**Assignment:**
Go through the entries below and return every line that contains "фото".

(Brief descriptive captions)

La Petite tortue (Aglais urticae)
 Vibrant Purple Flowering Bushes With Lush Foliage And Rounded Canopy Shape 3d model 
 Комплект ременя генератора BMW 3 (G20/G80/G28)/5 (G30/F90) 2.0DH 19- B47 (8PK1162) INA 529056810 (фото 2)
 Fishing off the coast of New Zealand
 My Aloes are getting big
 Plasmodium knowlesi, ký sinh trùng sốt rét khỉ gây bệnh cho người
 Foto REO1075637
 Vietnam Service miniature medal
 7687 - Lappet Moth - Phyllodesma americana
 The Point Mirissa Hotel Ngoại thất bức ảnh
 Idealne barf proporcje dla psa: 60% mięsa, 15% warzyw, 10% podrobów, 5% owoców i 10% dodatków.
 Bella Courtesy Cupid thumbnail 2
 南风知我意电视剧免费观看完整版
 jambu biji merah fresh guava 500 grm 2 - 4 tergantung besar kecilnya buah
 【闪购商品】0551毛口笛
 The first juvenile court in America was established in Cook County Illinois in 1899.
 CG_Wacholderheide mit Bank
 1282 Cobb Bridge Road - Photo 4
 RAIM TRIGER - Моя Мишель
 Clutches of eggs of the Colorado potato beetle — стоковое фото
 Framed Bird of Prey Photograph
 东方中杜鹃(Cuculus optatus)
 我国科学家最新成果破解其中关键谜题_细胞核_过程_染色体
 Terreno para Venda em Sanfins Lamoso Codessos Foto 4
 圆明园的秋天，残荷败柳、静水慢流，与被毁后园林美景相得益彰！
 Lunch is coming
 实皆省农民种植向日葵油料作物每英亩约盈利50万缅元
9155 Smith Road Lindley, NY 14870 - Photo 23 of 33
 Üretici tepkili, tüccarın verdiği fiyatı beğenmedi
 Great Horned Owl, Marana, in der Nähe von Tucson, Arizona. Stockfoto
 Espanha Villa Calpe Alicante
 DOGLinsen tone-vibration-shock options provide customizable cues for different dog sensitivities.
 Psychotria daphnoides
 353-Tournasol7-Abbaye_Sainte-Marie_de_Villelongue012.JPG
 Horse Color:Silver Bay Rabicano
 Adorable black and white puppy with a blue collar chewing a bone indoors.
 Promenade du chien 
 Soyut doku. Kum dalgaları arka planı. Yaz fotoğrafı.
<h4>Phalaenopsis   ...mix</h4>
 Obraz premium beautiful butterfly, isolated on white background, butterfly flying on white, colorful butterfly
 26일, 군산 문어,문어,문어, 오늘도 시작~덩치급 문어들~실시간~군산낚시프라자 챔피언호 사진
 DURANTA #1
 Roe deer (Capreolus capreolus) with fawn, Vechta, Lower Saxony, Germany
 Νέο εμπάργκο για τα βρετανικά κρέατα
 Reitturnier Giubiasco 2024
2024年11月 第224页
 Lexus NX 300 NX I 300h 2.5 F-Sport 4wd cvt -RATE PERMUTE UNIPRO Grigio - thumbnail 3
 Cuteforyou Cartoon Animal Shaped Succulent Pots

**Written response:**
 Комплект ременя генератора BMW 3 (G20/G80/G28)/5 (G30/F90) 2.0DH 19- B47 (8PK1162) INA 529056810 (фото 2)
 Clutches of eggs of the Colorado potato beetle — стоковое фото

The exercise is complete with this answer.